Nouvelle innovation militaire européenne pour laquelle rien n’est encore vraiment sur les rails : le Main Ground Combat System [MGCS], qui vise à mettre au point un « système de systèmes » centré autour d’un char de combat franco-allemand de nouvelle génération. Celui-ci sera destiné à remplacer deux machines d’excellentes factures : le Leopard-2 germanique, et le Leclerc gaulois.

Mais alors que le MGCS est envisagé depuis 2012 et que sa mise en service est annoncée pour 2035, rien n’avance. A cause, apparemment, d’une brouille du côté germanique : alors que la France tenait à une répartition des tâches à 50-50 entre le français Nexter et l’allemand Krauss-Maffei Wegmann, Berlin a imposé un troisième acteur, à savoir Rheinmetall. Or, en avril dernier, le Délégué général pour l’armement, Joël Barre, avait expliqué que l’un des points de blocage était dû à un désaccord entre Nexter et Rheinmetall « sur la partie canon du futur char » rappelle le site spécialisé Opex360.

Le problème du fut du canon

La ministre des Armées n’a pas dit le contraire: « La balle est dans le camp des industriels allemands, en particulier dans celui de Rheinmetall. Donc, ces industriels allemands doivent trouver entre eux les conditions d’un accord pour se répartir les tâches et les travaux. En attendant, nous avançons sur l’architecture du système. Ces travaux se poursuivront jusqu’à la mi-2022. Et nous le faisons au niveau des équipes étatiques entre la France et l’Allemagne. La question est d’abord une question entre industriels allemands. »

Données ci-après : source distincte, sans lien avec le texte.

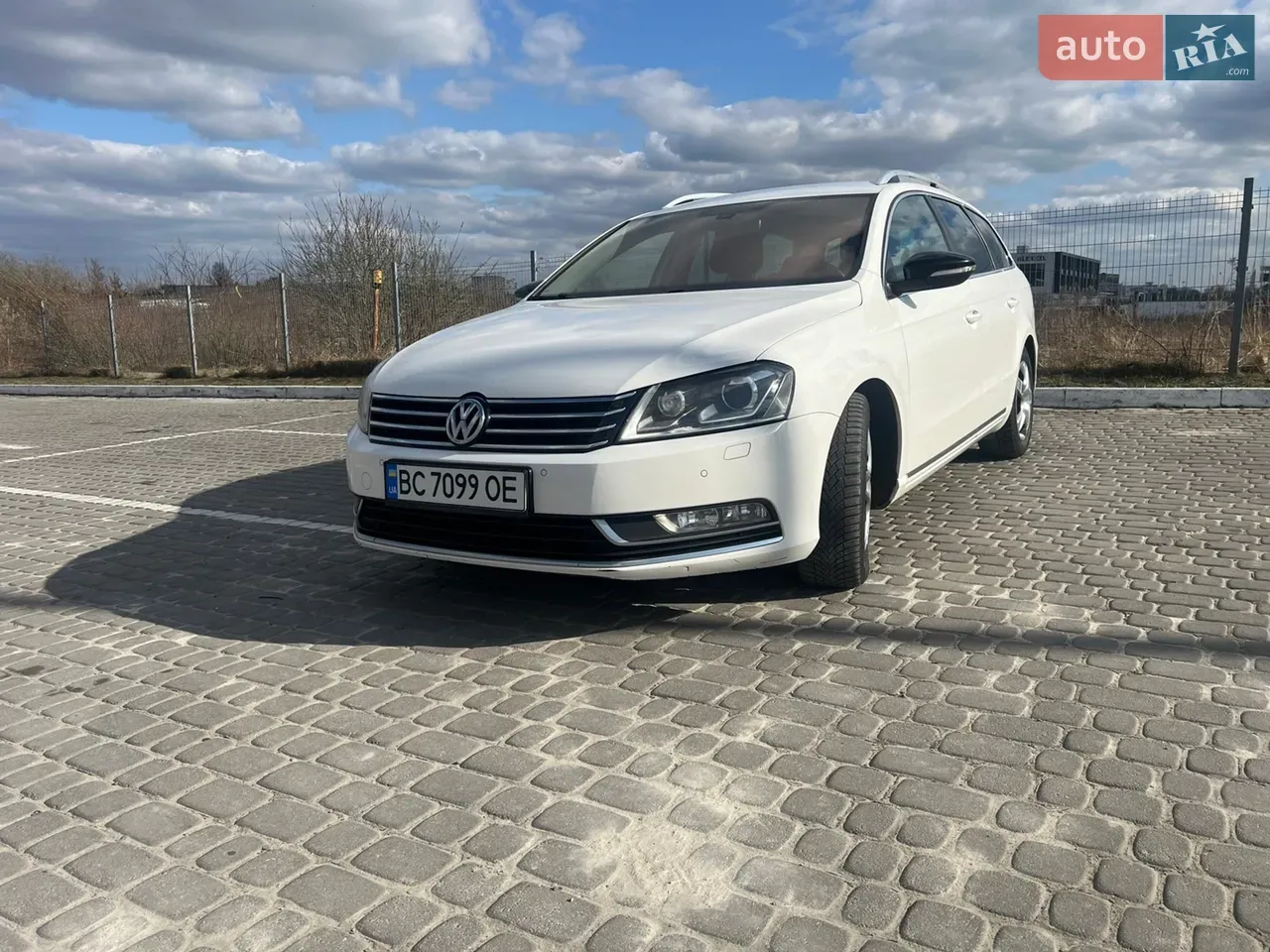 Volkswagen Passat 2014 photo 3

Il faut dire que les sujets portant sur l’équipement militaire sont vite fort sensibles en Allemagne, où la mémoire de l’histoire du pays durant le XXe siècle demeure douloureuse. Ainsi, l’Eurodrone – un engin d’observation, mais pouvant être converti en bombardier – avait suscité des polémiques dans l’opinion publique.

En octobre, le chef d’état-major de l’armée de Terre [CEMAT], le général Pierre Schill, avait mis le blocage du MGCS sur le compte de la situation politique en Allemagne, où une nouvelle coalition gouvernementale devait se mettre en place. Le CEMAT estimait à l’époque que « Si le MGCS ne peut pas être réalisé avec l’Allemagne, il faudra soit envisager un programme franco-français, soit s’appuyer sur la communauté SCORPION tournée vers le Benelux », la France ayant mis sur pied un partenariat stratégique avec la Belgique afin d’uniformiser les doctrines d’opérations et faciliter ainsi le travail en commun, l’Armée belge utilisant déjà des véhicules blindés français Griffon et Jaguar.